DATA EXCERPT below:

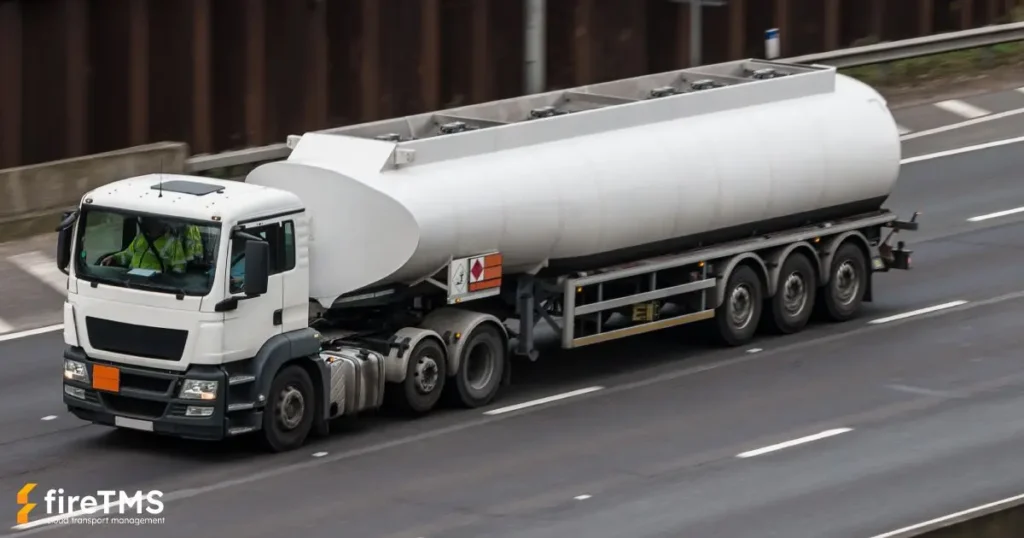 Ein Tanklastwagen, der gefährliche Stoffe transportiert, fährt auf der Schnellstraße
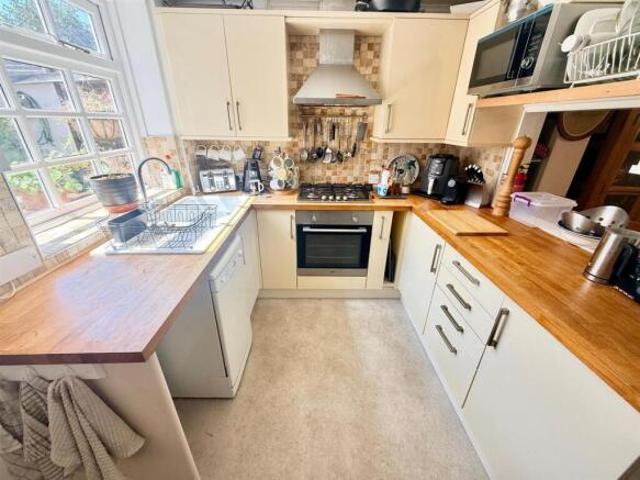 Cottage for sale in Worthing, West Sussex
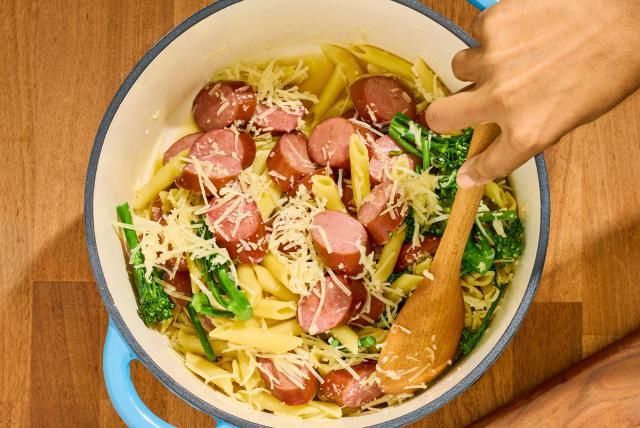 Overhead shot of a Butterball Turkey Sausage lemon broccolini pot of pasta.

End of DATA EXCERPT.

▶ **AIM OF THE TASK**
Copy out the material word for word, without any images.

▶ **YOUR SOLUTION**
 Ein Tanklastwagen, der gefährliche Stoffe transportiert, fährt auf der Schnellstraße
 Cottage for sale in Worthing, West Sussex
 Overhead shot of a Butterball Turkey Sausage lemon broccolini pot of pasta.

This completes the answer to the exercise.